Creemos y queremos creer, siempre, en nuestro iluso fuero interno, que Gigliotti se va a convertir en el Manteca Martínez y Pisculichi en Hernán Crespo. Creemos que podemos volver a ver, sentir y disfrutar algo que ya no existe, y no podemos evitarlo. El miedo a mirar para atrás nos hace correr desesperadamente hacia adelante. Es por eso que el fútbol últimamente se nutre del antes y el después de cada partido, de la alimentación mediática y de pasillo del partido que se viene, y no del partido en sí. Por eso tanta expectativa por las semis sudamericanas, justamente porque sabíamos que iban a ser una mierda. Y como sabíamos eso, necesitamos redoblar la apuesta y engañarnos, porque la realidad duele, y preferimos inventarnos un mundo falso en el cual vamos a ver un partido inolvidable. Partido que, obviamente, nunca llega. Y así, después del partido, el dolor de la fealdad es más fuerte porque caemos de más alto, caemos de ese altísimo trampolín que construimos con ilusiones. Buscamos plata en minas de carbón, oro en el cableado del alumbrado público, y Superclásicos en la Bombonera. Un fútbol sin estructura y expectativas construidas con fosforitos Tres Patitos.
Lo más triste de la generación desmedida de expectativas para llenar el vacío, es que los jugadores mismos se convierten en estrellas que no son, y se sienten figuritas difíciles, y se ven en la necesidad de responder a una calidad que no tienen y a unas esperanzas de otro planeta. De tanto aparecer en la tele y tanto creerse buenos, a causa de inescrupulosos negociantes mediáticos que se olvidarán de ellos apenas cambie el viento, los jugadores quedan sobrerevolucionados, sobre un falso pedestal, y entran a la cancha, con peinado de última generación, a cumplir un papel que no les corresponde, el papel de satisfacer lo imposible. El papel de satisfacer un ego que les es impuesto, y satisfacer a una sociedad acelerada por tanta ilusión y angustiada por tanta falsedad. Y así fue. Así salieron a la cancha, tanto en la ida como en la vuelta, todos bien peinaditos y muy acelerados, electricos, dementes, decididos a correr, correr y correr. Y corrieron. Todos sabíamos que ese River ya se estaba desinflando, y que ese Boca no terminaba de inflarse, pero uno más uno tres y parecía que se venía un partidazo que nunca vino.

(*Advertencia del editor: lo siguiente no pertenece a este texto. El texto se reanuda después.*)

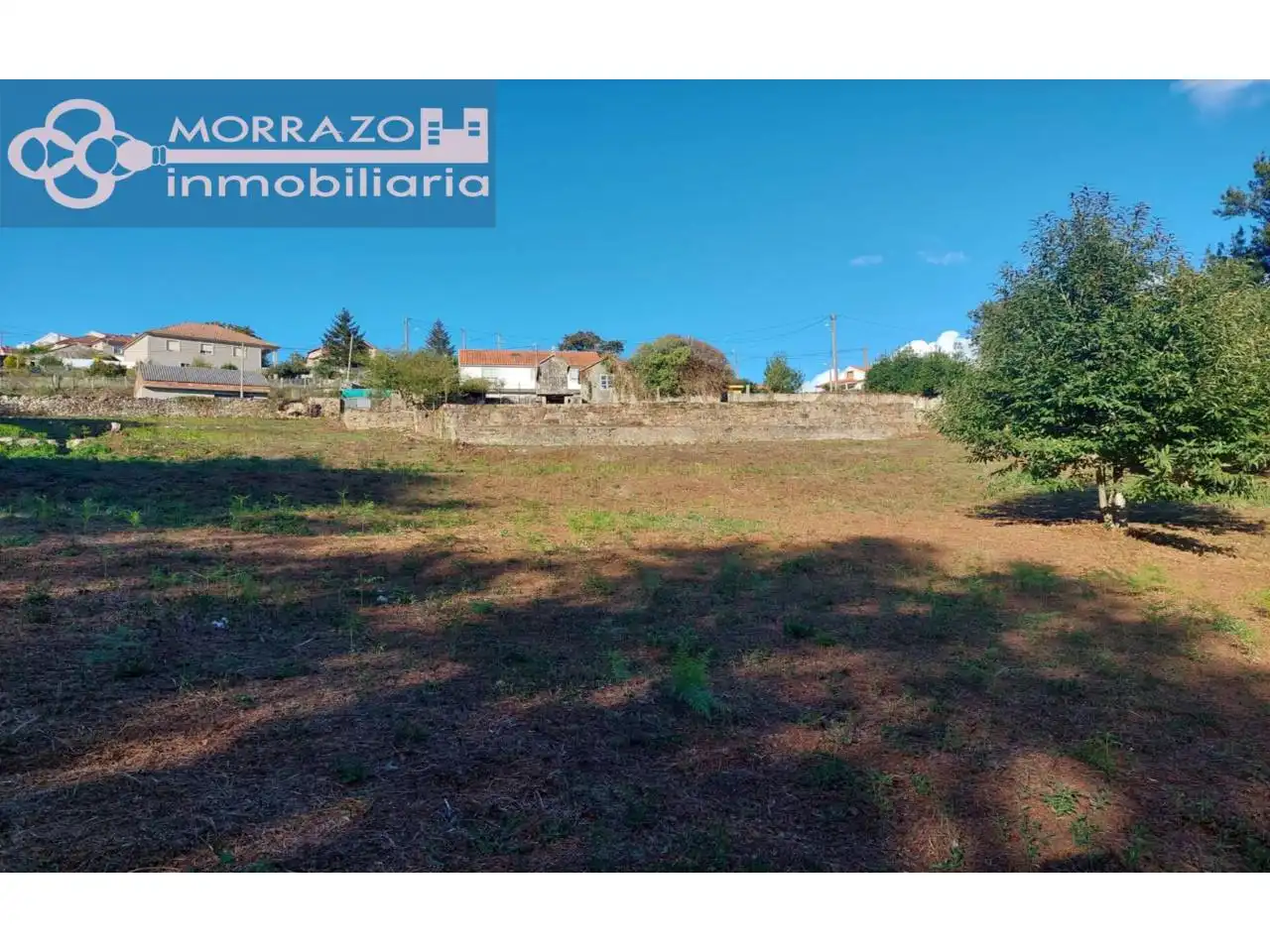 Terreno rustico in vendita a Bueu, imagen 38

Se olvidaron de jugar, de hacer pausas, de parar la pelota, de levantar la cabeza y mirar hacia atrás y hacia adelante. Se olvidaron de todo. Amnesia generalizada. Entraron a la cancha como si lo que ahí se jugara fuera una batalla campal, una guerra, porque así se vivía afuera. Los jugadores son las primeras victimas de la falta de criterio de la sociedad que los educa, del hincha descarnado y el periodista mercenario. Todos generadores de una gran exaltación al pedo. Se infló, se infló, se infló, y los jugadores salieron a correr, correr y correr, y nadie jugó. Se acabó el placer. Y todo para qué. Para ganar nada.